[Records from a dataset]
━━━━━━━━━━━━━━━━━━━━━━━━━━━━━━

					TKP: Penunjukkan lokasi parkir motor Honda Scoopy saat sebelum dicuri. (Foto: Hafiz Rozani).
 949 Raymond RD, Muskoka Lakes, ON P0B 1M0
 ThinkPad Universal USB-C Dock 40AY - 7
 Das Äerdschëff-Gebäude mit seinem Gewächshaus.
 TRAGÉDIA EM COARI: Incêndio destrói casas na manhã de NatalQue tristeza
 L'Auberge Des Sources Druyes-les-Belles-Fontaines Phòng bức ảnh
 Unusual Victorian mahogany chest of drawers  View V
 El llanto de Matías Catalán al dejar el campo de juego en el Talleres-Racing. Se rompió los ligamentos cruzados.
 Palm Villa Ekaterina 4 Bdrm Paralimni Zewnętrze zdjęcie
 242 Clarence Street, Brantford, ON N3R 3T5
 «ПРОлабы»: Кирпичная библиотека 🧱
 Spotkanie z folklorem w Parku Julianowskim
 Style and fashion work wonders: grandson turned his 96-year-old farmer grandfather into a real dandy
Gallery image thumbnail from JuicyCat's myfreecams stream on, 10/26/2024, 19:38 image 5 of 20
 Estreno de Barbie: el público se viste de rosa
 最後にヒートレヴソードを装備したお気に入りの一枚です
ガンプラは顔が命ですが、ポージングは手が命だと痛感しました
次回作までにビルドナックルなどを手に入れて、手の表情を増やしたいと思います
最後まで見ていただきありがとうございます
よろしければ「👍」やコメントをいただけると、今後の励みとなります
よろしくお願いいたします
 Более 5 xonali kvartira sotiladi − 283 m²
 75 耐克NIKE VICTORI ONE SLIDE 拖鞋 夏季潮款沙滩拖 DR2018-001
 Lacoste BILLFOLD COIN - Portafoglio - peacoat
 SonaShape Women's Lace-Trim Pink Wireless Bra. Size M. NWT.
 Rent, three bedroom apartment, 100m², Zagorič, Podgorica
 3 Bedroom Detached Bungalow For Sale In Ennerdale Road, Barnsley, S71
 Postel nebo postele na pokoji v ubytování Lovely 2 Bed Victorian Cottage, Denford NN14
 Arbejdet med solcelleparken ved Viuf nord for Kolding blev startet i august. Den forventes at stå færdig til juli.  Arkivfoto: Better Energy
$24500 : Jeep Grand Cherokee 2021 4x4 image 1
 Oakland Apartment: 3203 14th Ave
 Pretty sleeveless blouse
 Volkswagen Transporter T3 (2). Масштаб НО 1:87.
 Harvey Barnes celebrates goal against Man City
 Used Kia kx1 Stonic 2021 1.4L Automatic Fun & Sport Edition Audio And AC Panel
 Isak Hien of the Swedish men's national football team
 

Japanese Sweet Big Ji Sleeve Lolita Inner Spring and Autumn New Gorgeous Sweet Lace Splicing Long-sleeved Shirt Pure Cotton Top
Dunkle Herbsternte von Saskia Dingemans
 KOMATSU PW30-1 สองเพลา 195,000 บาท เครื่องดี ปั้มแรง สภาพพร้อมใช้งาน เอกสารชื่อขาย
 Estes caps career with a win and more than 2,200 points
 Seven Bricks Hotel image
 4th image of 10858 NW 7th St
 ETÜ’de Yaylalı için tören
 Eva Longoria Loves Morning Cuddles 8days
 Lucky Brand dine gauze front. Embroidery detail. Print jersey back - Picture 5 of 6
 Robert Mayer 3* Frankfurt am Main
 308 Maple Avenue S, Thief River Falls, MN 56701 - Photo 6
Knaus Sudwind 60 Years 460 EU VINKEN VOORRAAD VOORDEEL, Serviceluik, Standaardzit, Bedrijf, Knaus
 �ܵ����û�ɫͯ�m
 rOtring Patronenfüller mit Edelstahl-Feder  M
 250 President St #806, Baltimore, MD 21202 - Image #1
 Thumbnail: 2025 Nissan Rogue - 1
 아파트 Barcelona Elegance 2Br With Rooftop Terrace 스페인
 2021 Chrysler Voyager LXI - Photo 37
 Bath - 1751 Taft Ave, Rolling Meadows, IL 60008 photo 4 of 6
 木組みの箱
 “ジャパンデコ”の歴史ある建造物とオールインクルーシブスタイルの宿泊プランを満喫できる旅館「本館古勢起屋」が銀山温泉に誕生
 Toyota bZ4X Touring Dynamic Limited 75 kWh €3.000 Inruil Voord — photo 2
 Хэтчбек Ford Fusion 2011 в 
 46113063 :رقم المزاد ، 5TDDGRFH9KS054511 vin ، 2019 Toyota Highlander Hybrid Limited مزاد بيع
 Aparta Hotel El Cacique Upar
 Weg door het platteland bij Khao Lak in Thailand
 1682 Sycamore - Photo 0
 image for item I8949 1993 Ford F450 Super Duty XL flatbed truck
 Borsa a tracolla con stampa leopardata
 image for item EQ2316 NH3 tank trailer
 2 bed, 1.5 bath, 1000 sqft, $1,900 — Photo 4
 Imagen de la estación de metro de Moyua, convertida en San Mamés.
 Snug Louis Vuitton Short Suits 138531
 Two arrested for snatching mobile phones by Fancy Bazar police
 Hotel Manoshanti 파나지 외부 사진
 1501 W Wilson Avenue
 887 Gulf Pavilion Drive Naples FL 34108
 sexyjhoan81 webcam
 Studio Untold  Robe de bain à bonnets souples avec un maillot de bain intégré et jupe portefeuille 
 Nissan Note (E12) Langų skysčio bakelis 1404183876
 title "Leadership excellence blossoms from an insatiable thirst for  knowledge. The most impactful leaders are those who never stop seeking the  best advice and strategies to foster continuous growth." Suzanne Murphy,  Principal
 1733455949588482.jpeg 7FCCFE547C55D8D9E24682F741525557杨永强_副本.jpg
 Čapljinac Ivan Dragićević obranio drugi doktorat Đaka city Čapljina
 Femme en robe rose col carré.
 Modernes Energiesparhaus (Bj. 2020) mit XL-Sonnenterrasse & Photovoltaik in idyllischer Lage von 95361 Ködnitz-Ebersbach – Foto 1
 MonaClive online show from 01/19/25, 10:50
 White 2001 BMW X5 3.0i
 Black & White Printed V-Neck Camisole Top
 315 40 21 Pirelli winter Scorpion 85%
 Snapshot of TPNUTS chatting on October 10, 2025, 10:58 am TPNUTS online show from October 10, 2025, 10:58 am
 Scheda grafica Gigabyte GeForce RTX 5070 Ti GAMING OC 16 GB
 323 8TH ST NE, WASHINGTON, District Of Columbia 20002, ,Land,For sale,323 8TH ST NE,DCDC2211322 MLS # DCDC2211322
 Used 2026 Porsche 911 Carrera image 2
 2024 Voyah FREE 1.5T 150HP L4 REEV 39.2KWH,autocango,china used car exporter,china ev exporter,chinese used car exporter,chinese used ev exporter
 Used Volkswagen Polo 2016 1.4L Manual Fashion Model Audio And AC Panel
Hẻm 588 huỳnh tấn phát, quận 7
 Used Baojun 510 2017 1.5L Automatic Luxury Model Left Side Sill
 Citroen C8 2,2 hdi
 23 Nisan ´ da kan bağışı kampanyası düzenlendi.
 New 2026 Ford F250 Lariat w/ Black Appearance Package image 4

━━━━━━━━━━━━━━━━━━━━━━━━━━━━━━

Could you return exactly the stretch of the data above that starts at the line with "Unusual Victorian mahogany" and ends at the line with "Palm Villa Ekaterina", both lines included?

 Unusual Victorian mahogany chest of drawers  View V
 El llanto de Matías Catalán al dejar el campo de juego en el Talleres-Racing. Se rompió los ligamentos cruzados.
 Palm Villa Ekaterina 4 Bdrm Paralimni Zewnętrze zdjęcie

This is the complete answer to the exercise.